10 kwietnia 2018 roku obchodziliśmy 8 rocznicę katastrofy smoleńskiej. W drodze do Katynia w 2010 roku zginął w katastrofie lotniczej prezydent Polski Lech Kaczyński, jego małżonka, ostatni prezydent RP na uchodźctwie oraz 93 inne osoby w tym politycy, wojskowi, wysocy urzędnicy państwowi. Była to największa katastrofa dotykająca tak wielu Polaków piastujących najwyższe godności w dziejach Polski.
Jak wskazują badania wiele osób nadal uważa, że pod Smoleńskiem miał miejsce zamach, choć liczba ta zmniejsza się z każdym rokiem.
Co wiemy na pewno, to, to, że do katastrofy doprowadziło wiele zaniedbań widocznych także w pierwszych dniach po tragedii.
Państwo nie stanęło na wysokości zadania. Skandalem było na przykład mylenie – zamiana ciał w tym ostatniego prezydenta na uchodźctwie Ryszarda Kaczorowskiego. Z całą pewnością Prezydent nie zasłużył na taki los.
Przez 96 miesięcy każdego dziesiątego dnia miesiąca organizowane były miesięcznice – na Krakowskim Przedmieściu w Warszawie.
10 kwietnia 2018 roku Prezes Kaczyński powiedział, że była to już ostatnia miesięcznica, bo było ich 96 tyle ile ofiar, ale też osiągnęły swój cel. Powstał pomnik ku czci ofiar oraz wbudowany został kamień węgielny pod pomnik Lecha Kaczyńskiego.
Jednak msze każdego dziesiątego dnia miesiąca w Katedrze Świętego Jana Chrzciciela będą się odbywały nadal.

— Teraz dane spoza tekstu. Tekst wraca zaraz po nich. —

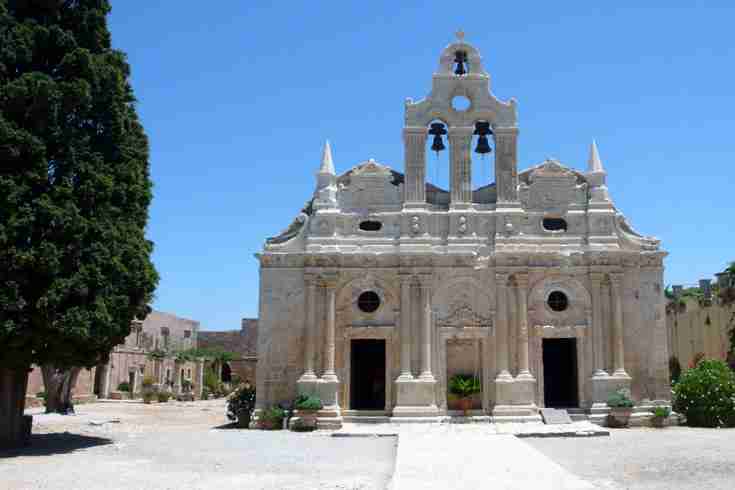 MONASTERY OF ARCADI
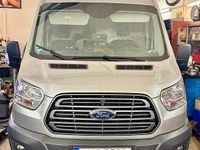 Second-hand Ford Transit 131 CP (96 kW) 2016 Argintiu Van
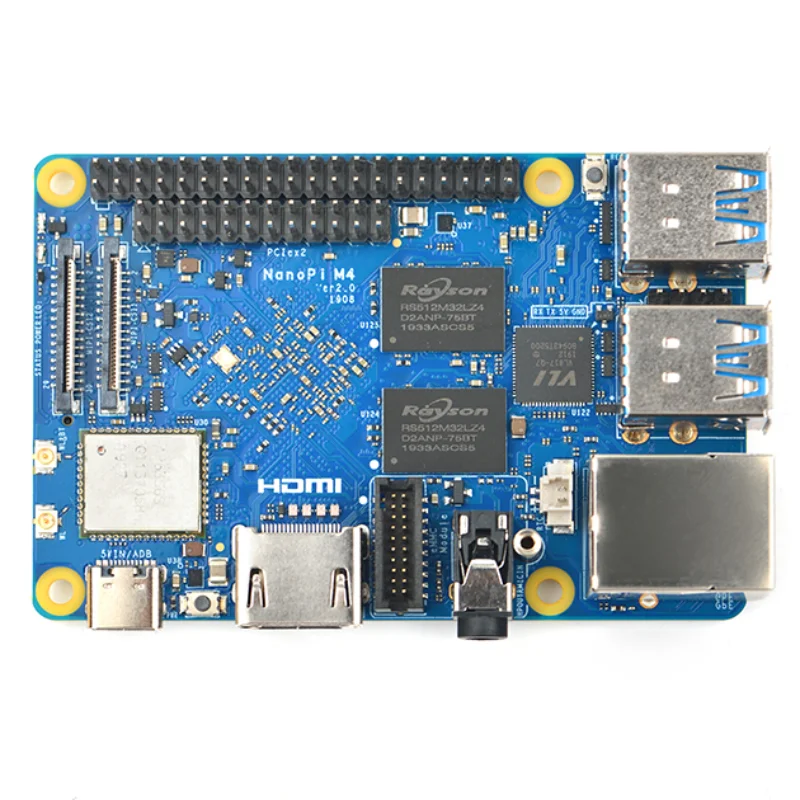 Лучшая заводская цена бренд FriendlyElec разработка платы крошечной NanoPi M4V2 для панелей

Być może Kaczyński widzi, że „paliwo smoleńskie” już się kończy i kiedyś musi nastąpić moment by zaprzestać miesięcznic. Teraz po 96 takich uroczystościach jest dobry moment.
Osobiście nie wierzę, że setki ludzi bardziej lub mniej regularnie przychodzących przez osiem lat na Krakowskie Przedmieście zrezygnuje z tych uroczystości.

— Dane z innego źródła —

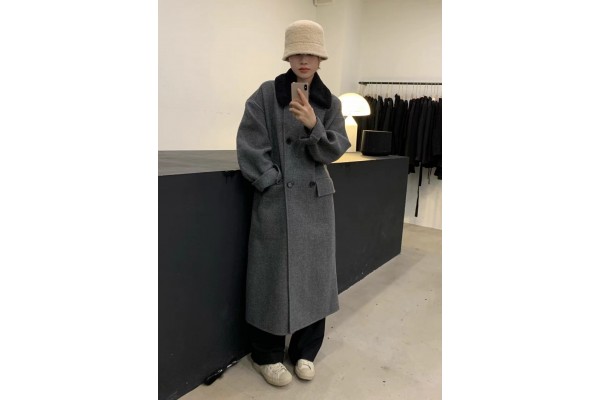 Trench Coat Women Women's Activewear Coats Long Snowboard Wool Coats Kameymall 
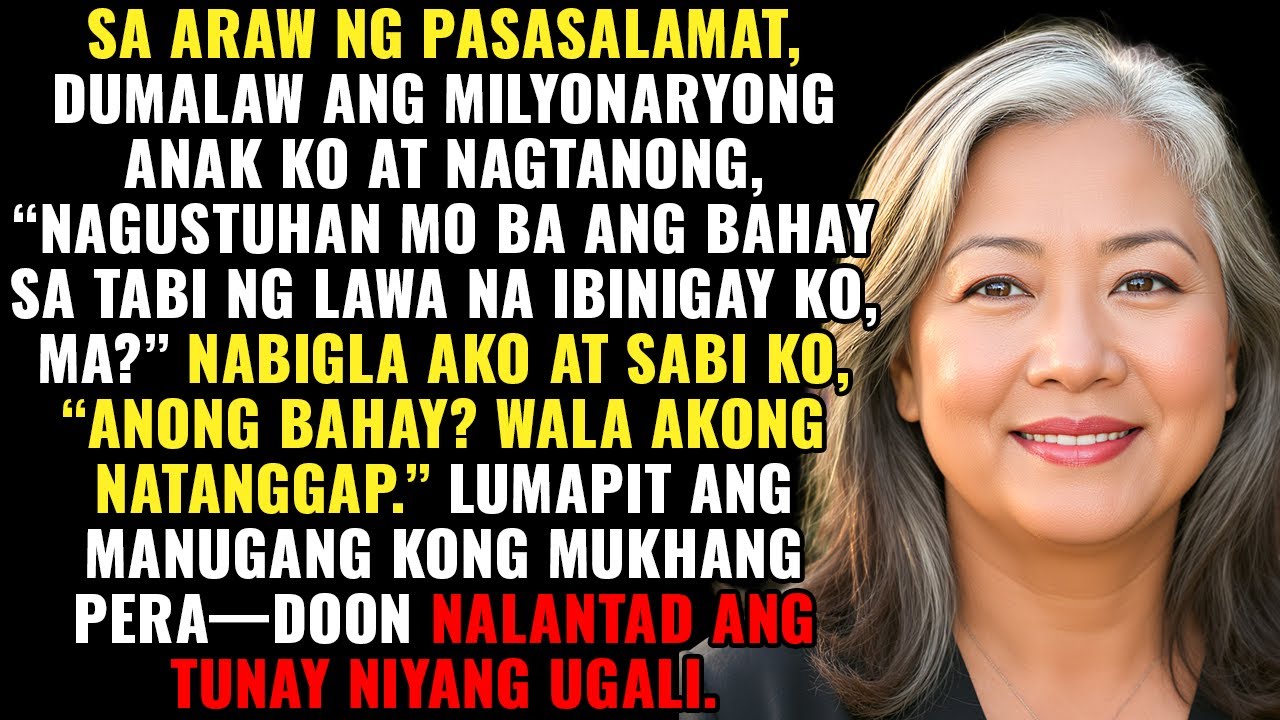 Noong Noche Buena, dinalaw ako ng milyonaryo kong anak “Ma, nagustuhan niyo po bahay-bakasyunan...”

Ludzie Ci czują tam swoją jedność, poczucie walki, pewnie dreszczyk emocji, uniesienie patriotyczne. Czy udało się ich skłonić 10 kwietnia 2018 roku do rezygnacji z kolejnych spotkań?
Czy są na tyle zdyscyplinowani, że słowa jednego człowieka, który mówi, że kończymy sprawią, że zostaną w domu lub po mszy w katedrze pójdą spokojnie na przystanek?
Osobiście w to nie wierzę.
Być może będą i tacy, którzy nadal wbrew decyzji Kaczyńskiego nadal chcą podsypywać pod ogień pod smoleńskie palenisko. Do takich osób może należeć Antoni Macierewicz.
Jeżeli jednak będzie koniec miesięcznic będzie to oznaczać, że nie doceniłem armii Kaczyńskiego.
Czy powstały pomnik wbrew decyzji władz Warszawy nie będzie nadal zarzewiem konfliktów? Powstał on w jednym z najważniejszych miejsc na mapie polskiego patriotyzmu – Placu Józefa Piłsudskiego. Naturalnie gdyby w Smoleńsku był zamach Plac Piłsudskiego byłby odpowiednim miejscem dla upamiętnienia ofiar.
Czy jednak ogromna tragedia jest wystarczającą przepustką na plac w pobliżu Grobu Nieznanego Żołnierza.
Jarosław Kaczyński powiedział, że pomnik w tym samym miejscu jego bratu się należy, bo był wielkim Polakiem.
Tą wypowiedź brata zmarłego prezydenta to już chyba oceni historia.